Friends showed up. They took our linens home to wash, boxed up what was salvageable, carted off furniture to storage. Somebody we didn’t know delivered sandwiches and coffee. Darkness and rain stopped our work. We camped out at Mama and Daddy’s for the night. Clay was young enough to think this was an adventure. Jackson kept up a brave front.

“There’s so much to do,” I moaned to Richey when we finally lay down to rest. “Where do we start?”

“With a good night’s sleep, Carla. Close your eyes,” he said.

The next day, December 17, dawned clear and cold. We were back at the house by 8 a.m., sifting through the wreckage. Jackson had begged to come with us. I watched him out in the backyard, hands clasped behind his back, head down, moving through the debris one step at a time. I knew what he was looking for. Rabbit. We’ve lost everything we own, and all Jackson can think about is Rabbit.

Just a day before I was worried about the packages under the tree, our Christmas cards, the dinner menu. Now there were no presents. There was no tree. No house to celebrate in. There was no Christmas. But Jackson didn’t comprehend the totality of our loss. For him, there was simply no Rabbit. And that sting distracted him from the real pain of realizing we had been completely wiped out. Maybe, in a strange way, that would be Rabbit’s final comfort for my son.
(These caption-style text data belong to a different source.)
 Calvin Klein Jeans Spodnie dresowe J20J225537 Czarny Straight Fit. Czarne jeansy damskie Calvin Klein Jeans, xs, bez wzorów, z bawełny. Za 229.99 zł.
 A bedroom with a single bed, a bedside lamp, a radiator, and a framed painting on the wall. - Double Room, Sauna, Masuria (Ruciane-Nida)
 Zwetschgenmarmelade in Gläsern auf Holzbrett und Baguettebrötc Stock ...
I wondered about all the people surrounding us, friends and strangers alike. Their Christmases hadn’t been ruined. What about their last-minute preparations? What were they doing here with us? Nobody talked much while we worked, but word got around about what Jackson was looking for so hard.
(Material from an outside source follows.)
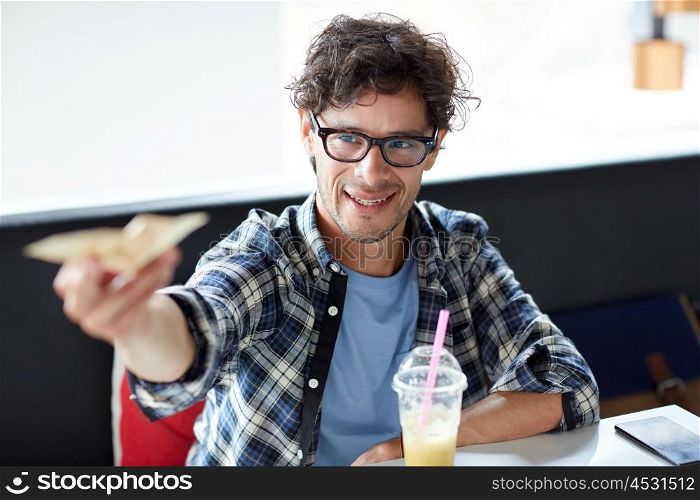 leisure, people, payment and finance concept - happy man with cash money paying at cafe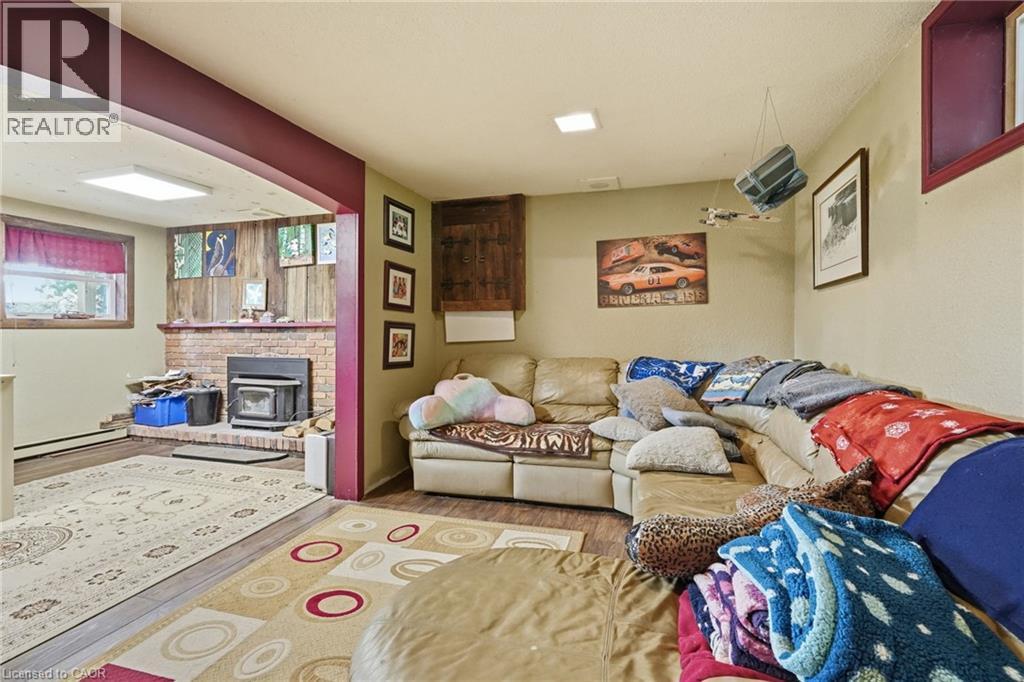 Exposed brick fireplace with a wood-burning insert - 1311 W Concession 6 Road, Flamborough, ON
A coworker of Richey’s found a framed photograph of Richey and me in his yard, five miles away. I had always cherished that picture. It was taken in the early days of our marriage when we used to talk a lot about what was most important to us and what we wanted out of life. To love and be loved, we agreed, first by God and each other and the family we hoped to start. I stooped down and pulled a soaked baby sock from a pile of bricks. A lady crouched next to me. “We all put a few Santa gifts in the backseat of your car for the boys,” she whispered. The woman patted my shoulder and went back to sifting through the wreckage.

I looked up at the sky. To love and be loved, I thought. We did, and we were. The worst had happened: The tornado had blown apart my perfect Christmas. But Christmas didn’t need me to make it perfect. Wasn’t it perfect already? Made perfect by the love God sent the world 2,000 years ago. That’s where Richey and I would start to rebuild our lives: We’d start with Christmas. I never thought I’d say it, but I was truly ready for it.

“Hey, everybody!” my brother-in-law shouted. “Look over here! Look what I found!” He held something high above his head. Jackson scrambled over the rubble. “Rabbit! You’re alive!” Jackson grabbed him and danced around. Everyone cheered. All was well with the world. It was Christmas, all right.

I had a hard time choosing a photograph of the boys from that last roll of 36. Tree out of focus, the boys engaged in high jinks…every shot was a winner. Not perfect, maybe, but real.

Last night in our new house, three years after the tornado, Jackson slept soundly in his room with Rabbit. I sat in my room with my Bible open in my lap. I’ve grown accustomed to the smell, but I’m still cleaning the pages. I take my time. I slide my hand down, wiping off the grit slowly, clearing verses before I read the truth of their words. The grit in my Bible kept me real while I prepared this past Christmas. I left the perfect for the One who is.